In this case, the issue is not abortion pills directly, but whether the FDA acted appropriately in approving the drug more than 20 years ago. The Alliance Defending Freedom, which represents the pro-life plaintiffs, alleges the FDA "chose politics over science" in approving the drug and acted unlawfully by removing safeguards around mifepristone, including permitting the pill to be delivered by mail.
The Biden administration and Danco Laboratories, the drug's manufacturer, counter that mifepristone has been repeatedly found to be safe and effective by FDA's expert review process. In over two decades since it was first approved, the drug has been used by more than 5 million women to terminate pregnancies.
The case reached the Supreme Court after Trump-appointed U.S. District Judge Matthew J. Kacsmaryk issued a highly controversial ruling siding with the pro-life groups and halting FDA approval for mifepristone. His order was partially overturned by the 5th U.S. Circuit Court of Appeals, but the appeals court preserved restrictions that made the drug available only to be dispensed up to seven weeks, not 10, and not by mail.
The Justice Department argued that allowing restrictions to mifepristone imposed by the lower courts to remain in place would cause chaos.

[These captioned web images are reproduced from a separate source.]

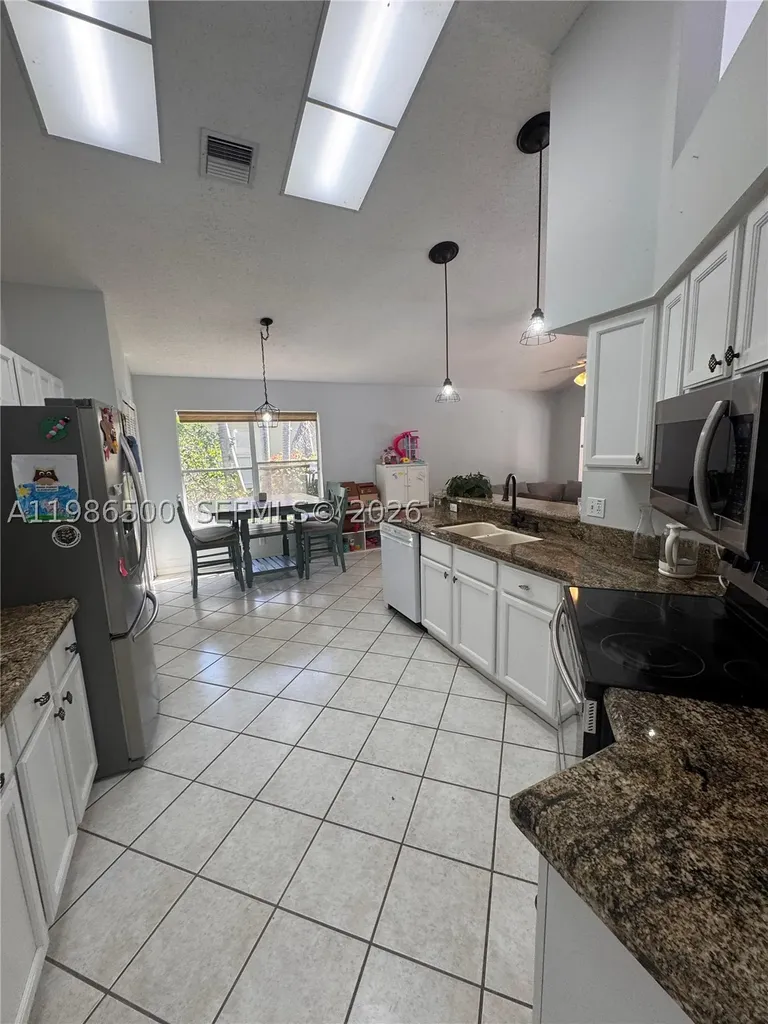15790 Bent Creek Road Wellington FL 33414
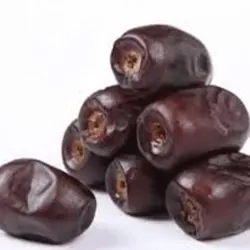 خرید و فروش عمده خرما – قیمت خرما عمده – کد2/1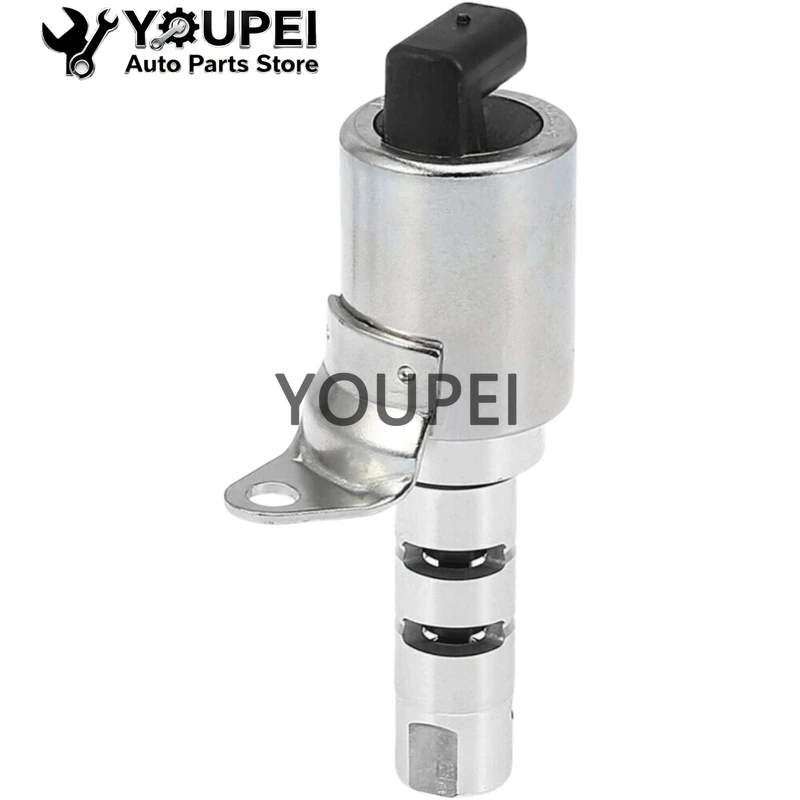 1 unidade para solenóide de válvula de controle Land Rover - LR024995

Complicating the matter, a federal judge in Washington has ordered the FDA to preserve access to mifepristone under the current rules in response to a separate lawsuit brought by 17 Democratic-led states and the District of Columbia.
The Biden administration has said the rulings conflict and create an untenable situation for the FDA.

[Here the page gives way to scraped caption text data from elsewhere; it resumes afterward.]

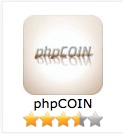 PhpCoin.jpg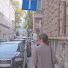 WkwNs7IOLkU-channel-avatar-chiskaの旅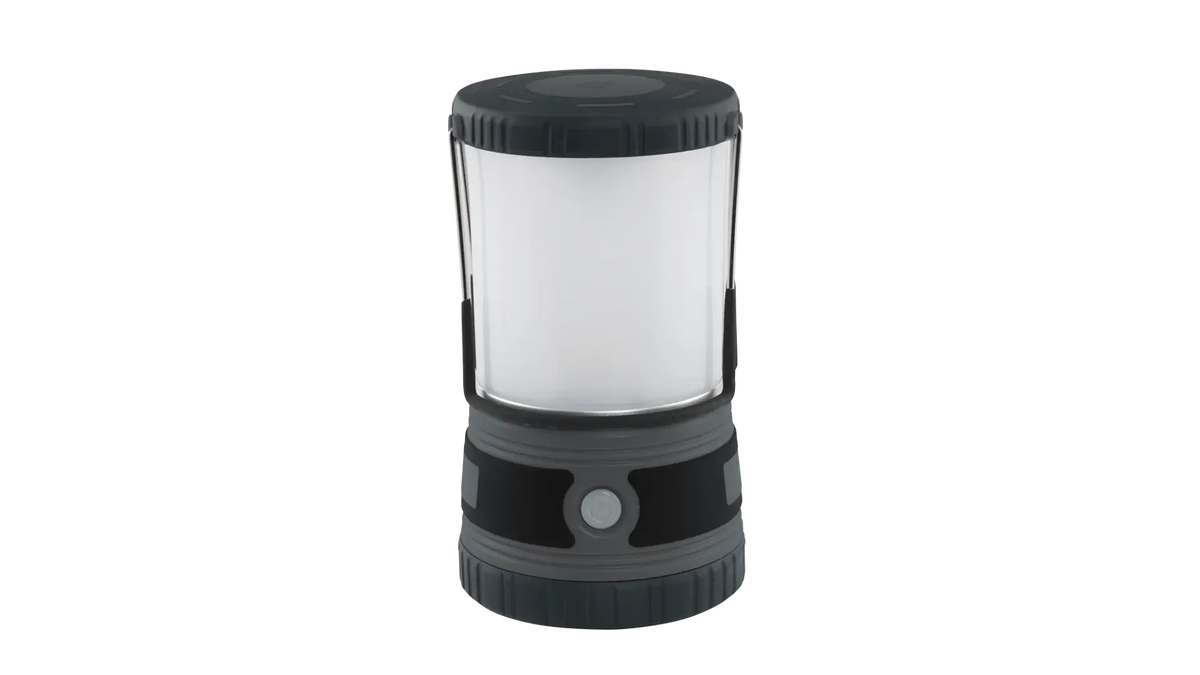 Outwell Lantern Carnelian DC 1000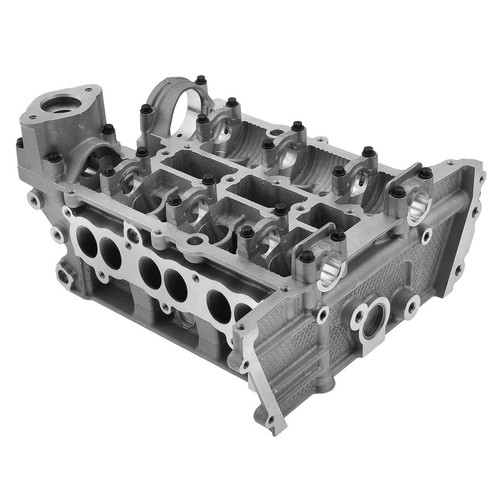 Testata motore per ford - motore,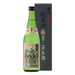清酒　男山　特別純米「国芳乃名取酒」　720ml - ROJI日本橋 ONLINE STORE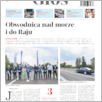 [thumbnail of 2023-07-18-Głos.pdf]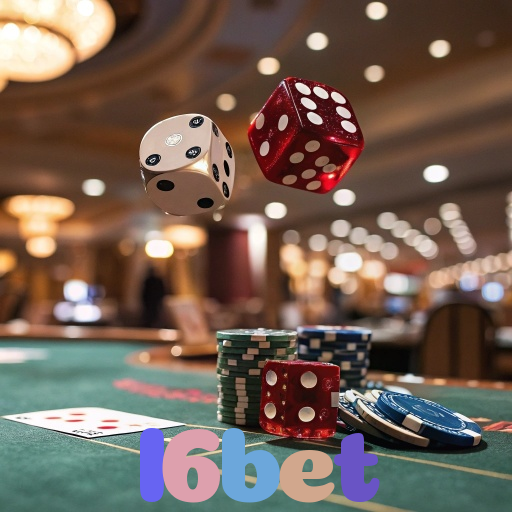 l6bet - Baixe o app l6bet no Google Play e jogue ao vivo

In a new development, the generic abortion pill maker GenBioPro Inc. filed a lawsuit against the FDA Wednesday to keep mifepristone available on the market amid the other ongoing legal challenges.
Mifepristone is taken with misoprostol in a two-drug regimen that first blocks hormones needed to keep an unborn baby alive and then causes cramps and contractions to expel the dead fetus from the mother's womb.
The drug is 97% effective in terminating early pregnancy, though approximately 3% of women who take it will "require surgical intervention for ongoing pregnancy, heavy bleeding, incomplete expulsion or other reasons such as patient request," according to the manufacturer.
The Associated Press contributed to this report.